[Start of Attachment]
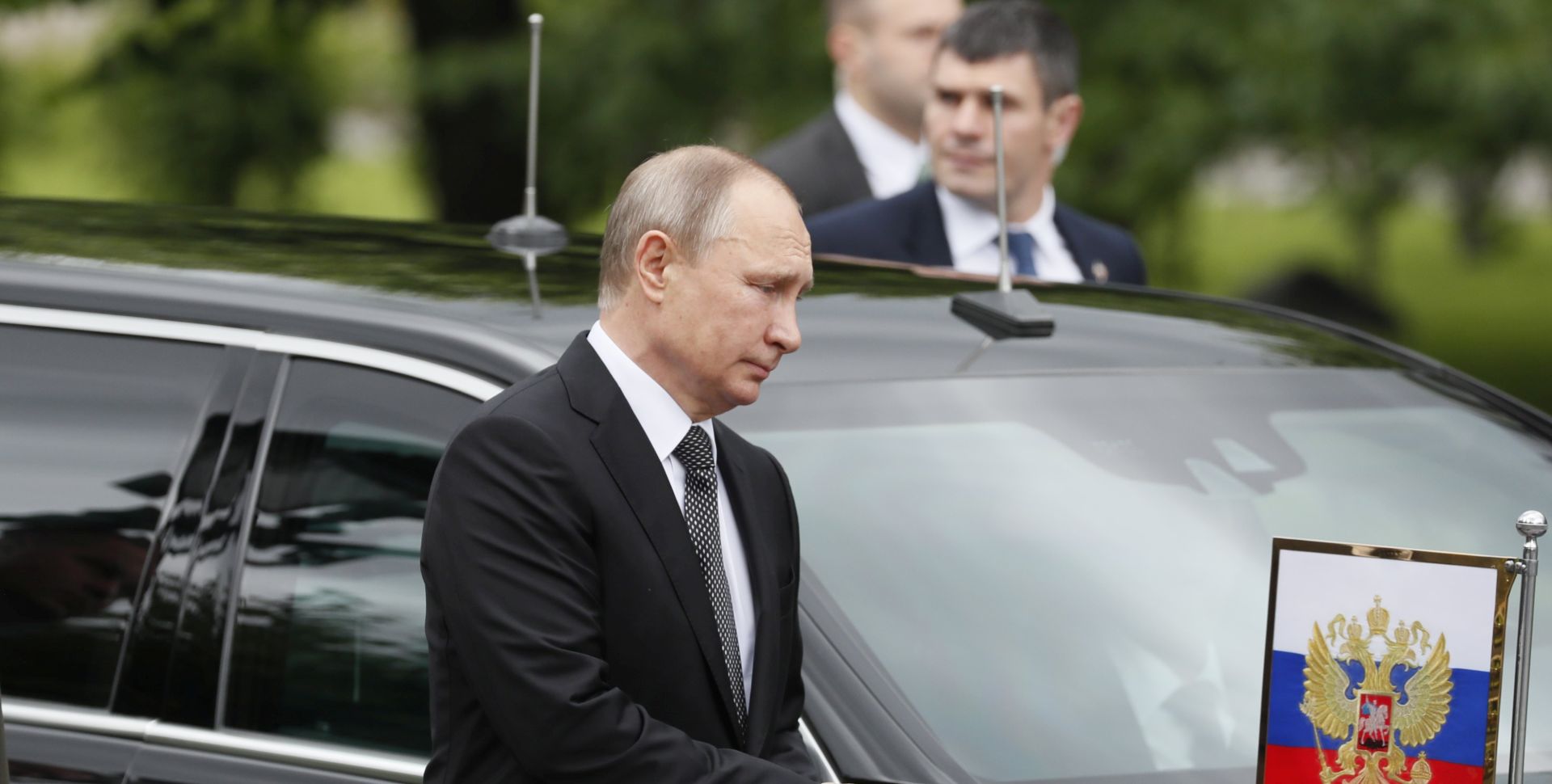 epa06042590 Russian President Vladimir Putin (front) arrives to attend a wreath-laying ceremony at the Tomb of the Unknown Soldier in Alexandrovsky Garden near the Kremlin wall in Moscow, Russia, 22 June 2017, to commemorate those who lost their lives defending the Soviet Union against Nazi invaders.  Russia marks the Day of Memory and Sorrow on 22 June.  EPA/YURI KOCHETKOV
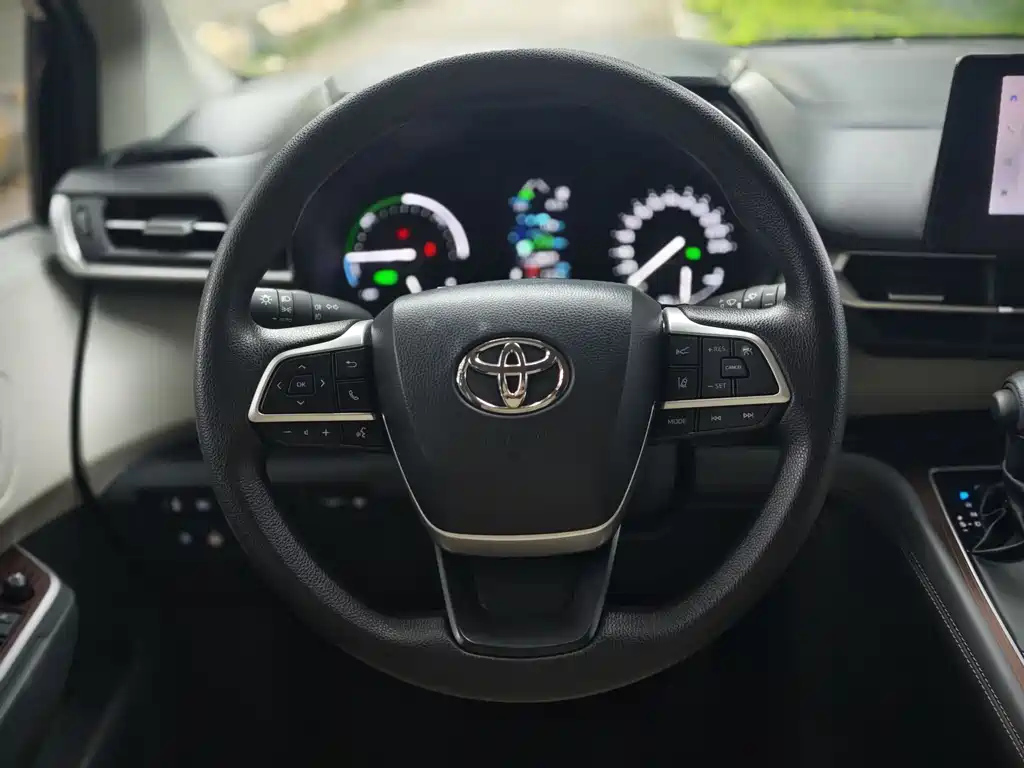 TOYOTA SIENNA SIENNA 2024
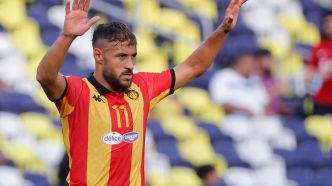 Football : Youcef Belaïli relâché après son arrestation à Roissy pour une altercation en vol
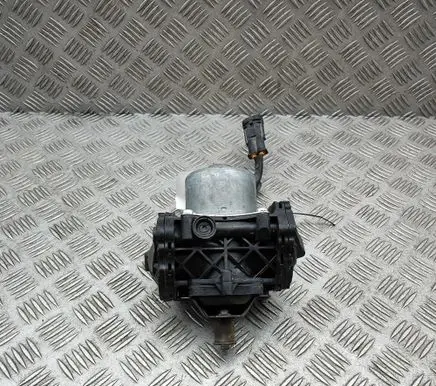Opel Mokka B Vacuum pump 9835028580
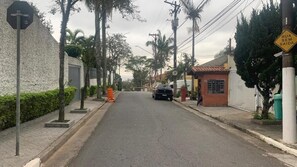 Vista frontal de la propiedad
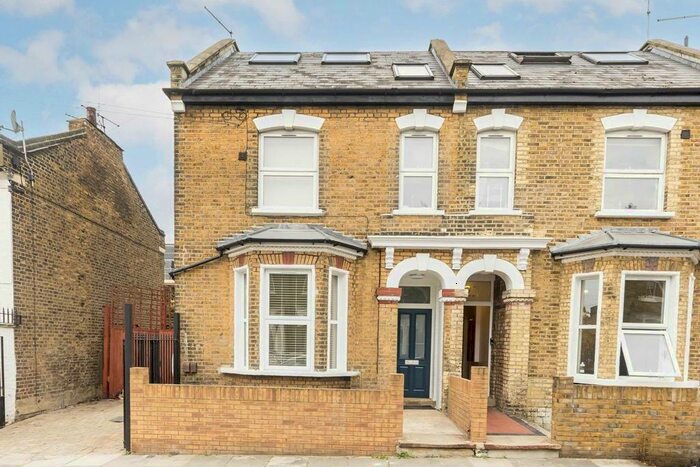 2 Bedroom Flat To Rent In Milton Road, London, W3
[End of Attachment]
Brief >>
Pictures stay out of this copy. Retype exactly the lines from the one with "Football : Youcef" through the last line of the data, both ends included, and nothing more.

Solution to this task >>
 Football : Youcef Belaïli relâché après son arrestation à Roissy pour une altercation en vol
Opel Mokka B Vacuum pump 9835028580
 Vista frontal de la propiedad
 2 Bedroom Flat To Rent In Milton Road, London, W3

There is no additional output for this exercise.